Water features such as garden ponds and garden fountains are pleasing additions to a landscape design, because it provides a diversion from just plain plants scenes. Nothing can quite transform a landscape like a water feature. It relieves the monotony of the garden features and provides accent that makes the garden or landscape interesting.
Whether it’s a dramatic waterfall or a quiet pond, water works its magic on any garden, providing a focal point and an area that soothes the soul. Moving water provides delightful background music and masks traffic noise. The soothing sound of water can mask unwanted noise, making even an urban patio a restful retreat.
June 21st, 2007 — Hard Elements: Hardscape

Patio Lights
Patio lighting can provide the drama in your garden. Not only does it allow you to spend more time outside at night, but it also gives wonderful illumination for the best parts of your garden. Patio lighting can really create some wonderful effects and make your patio nighttime experience even more enjoyable.

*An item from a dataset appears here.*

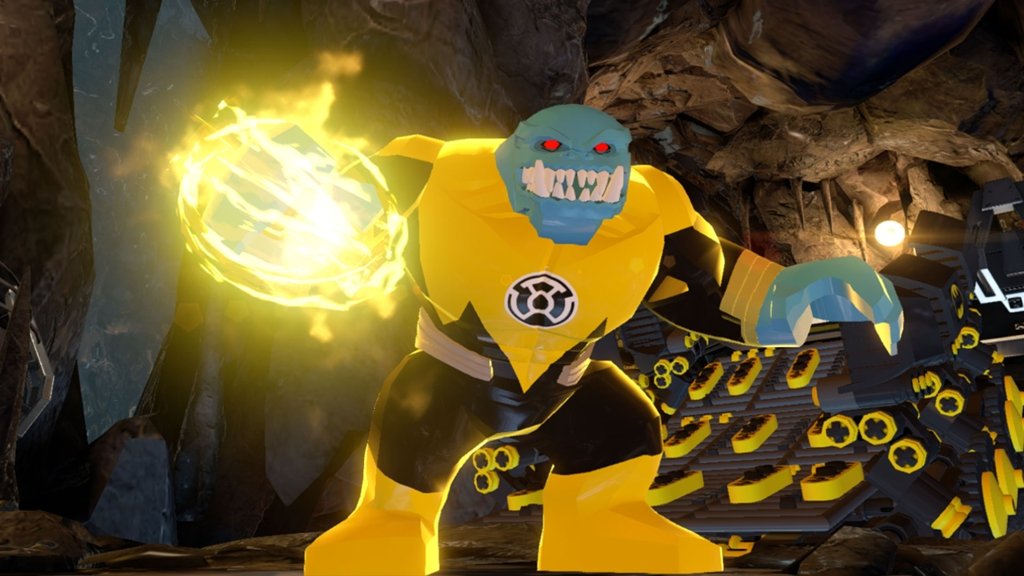 ESD LEGO Batman 3 Beyond Gotham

Just as importantly, patio lighting can make your patio and yard a safer place to be at night.
Lights can be placed in the following areas, choose from among the popular these days:
- Deck Lighting - Your deck lighting can be a great tool for highlighting and spotlighting any changes in elevations, drop-offs, or deck-edges. In doing so, you create not only a dramatic effect, but a safer deck, as well. You can conceal the light fixtures beneath railings, beneath benches, or on vertical posts.
- Step Lighting - This type of patio lighting will allow both you and guests to navigate up your steps and through your yard in safety. Place step lighting beneath railings, on vertical posts, or along the steps.
- Fountain Lighting - Fountain in the patio can still adorn your garden even during nighttime, thanks to modern lighting ideas. There are many great types of patio lighting that will make your fountain even more beautiful at night. You can have underwater lights that really give a dramatic appeal to your fountain. You can also consider colored lights for even more fun. It is also possible to create a mirrored effect on the surface of the water if you light the area behind the reflecting surface of the water.
- Shadow Lighting - Use this technique to highlight and interesting shapes that you may have in your garden, including branch structure, sculptures, etc. Place your light fixture in front of the item or plant that you want to shadow, and aim it so that the item will cast its shadow on a surface like the wall of your house. The closer the light is to the item you want to shadow, the larger the shadow will be.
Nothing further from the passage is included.